■ RECORDED INFORMATION ■

● ● ● ●

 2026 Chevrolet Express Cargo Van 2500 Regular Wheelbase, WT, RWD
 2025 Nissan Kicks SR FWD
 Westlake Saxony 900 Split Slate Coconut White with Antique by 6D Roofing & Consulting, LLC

● ● ● ●

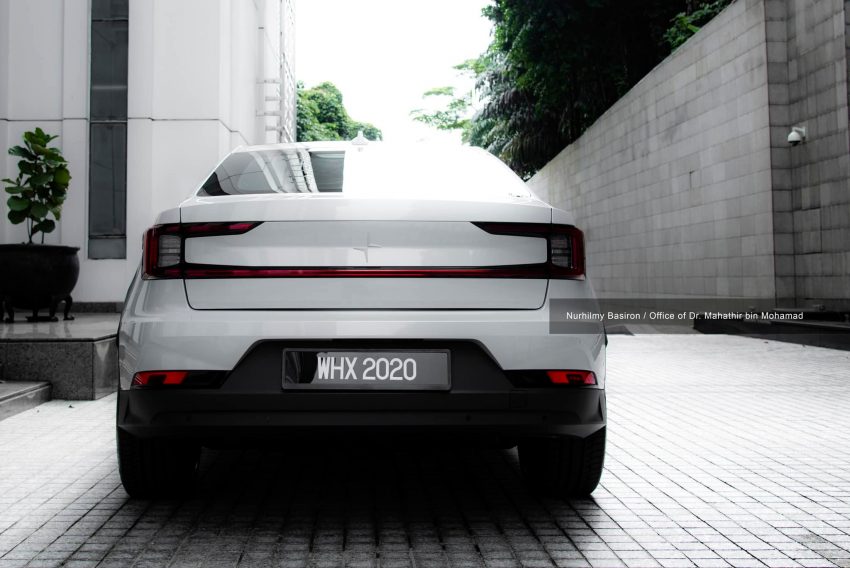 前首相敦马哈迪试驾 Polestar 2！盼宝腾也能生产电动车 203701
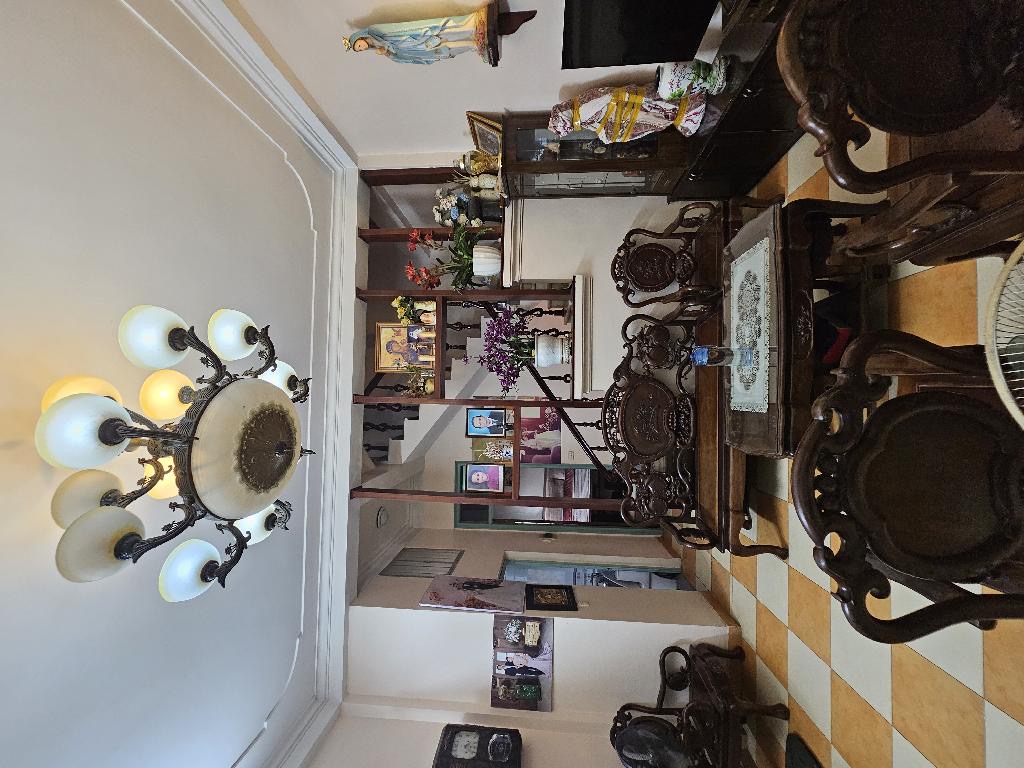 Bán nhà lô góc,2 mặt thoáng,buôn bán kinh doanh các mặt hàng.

● ● ● ●

Reproduce exactly the section above that begins at the line containing "2026 Chevrolet Express" and ends at the line containing "Westlake Saxony 900", leaving out all other lines.

 2026 Chevrolet Express Cargo Van 2500 Regular Wheelbase, WT, RWD
 2025 Nissan Kicks SR FWD
 Westlake Saxony 900 Split Slate Coconut White with Antique by 6D Roofing & Consulting, LLC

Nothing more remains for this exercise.